The center wasn’t open in time to help Evans, 39, when he returned to Dyess Air Force Base in January 2010 after one year in Iraq, where he was the squad leader for a group of airmen training Iraqi police station commanders and recruits. His team lost a first lieutenant and two airmen were injured; about half a dozen Iraqi colleagues and friends Evans worked with were kidnapped or killed, including an intelligence officer whose entire family was blown up in a car bombing.
“That’s a lot to take on,” Evans said in an interview after Tuesday’s ceremony. “All that stuff coming back from a deployment on my mind and nowhere to actually put it. We went right back home.”
Evans coped by running himself so hard he could barely walk in the morning, by spending hours a day in the gym and drinking too much alcohol, “trying to kill the pain.”
It took a move to Spangdahlem Air Base, Germany, and intervention from a supervisor for Evans to get the help he needed. Diagnosed with post-traumatic stress syndrome, he began to feel better after sessions with a counselor and taking medication. It was then that the commander of the 52nd Security Forces Squadron at Spangdahlem suggested a temporary assignment working at the Deployment Transition Center might be a good fit for Evans.
That was in 2010. Evans is now on loan a second time from Spangdahlem for another six-month assignment at the center, where he arranges logistics and activities for incoming airmen.
The four day program includes two days in “the classroom,” where airmen are encouraged to share their experiences downrange and staffers discuss what emotions they might experience after they get home and how to get help. One day is spent visiting Trier or Heidelberg – an excursion to a city with crowds, an experience that can be unexpectedly unnerving for some. Airmen at the center can drink alcohol, but there’s a limit,” Evans said.

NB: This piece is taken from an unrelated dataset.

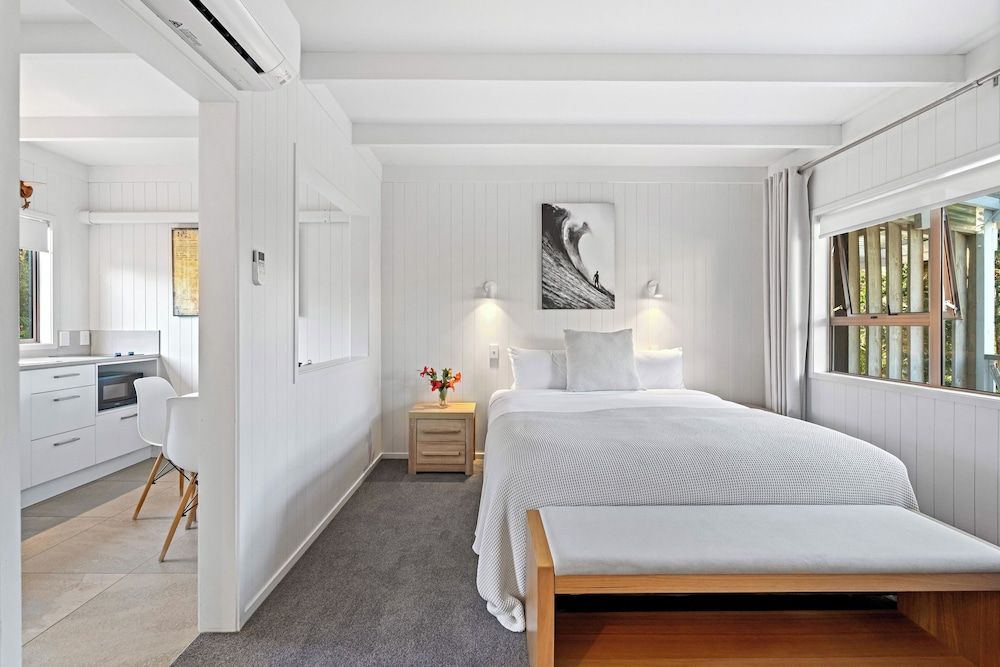 Stay Kerikeri Boutique Apartments and Studios Executive Studio Suite, 1 King Bed, Pool View 6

“We ease them into it. When you drink, emotions come out,” he said. Sometimes people “scream, yell, they want to get all those things out,” he said, adding the staff helps them deal with that.
Rossi said an Air Force study “showed evidence the program was having a positive impact” by “reducing PTSD symptoms, problems at home and at work and also with alcohol.
“We will continue to support returning airmen … as long as we have a need to do so,” he said.